Start of Block
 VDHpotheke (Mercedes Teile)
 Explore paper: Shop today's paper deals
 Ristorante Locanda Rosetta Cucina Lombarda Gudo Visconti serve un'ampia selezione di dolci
End of Block
→ **ACTION ITEM**
All of the data above should be transcribed exactly.

→ **ANSWER SECTION**
 VDHpotheke (Mercedes Teile)
 Explore paper: Shop today's paper deals
 Ristorante Locanda Rosetta Cucina Lombarda Gudo Visconti serve un'ampia selezione di dolci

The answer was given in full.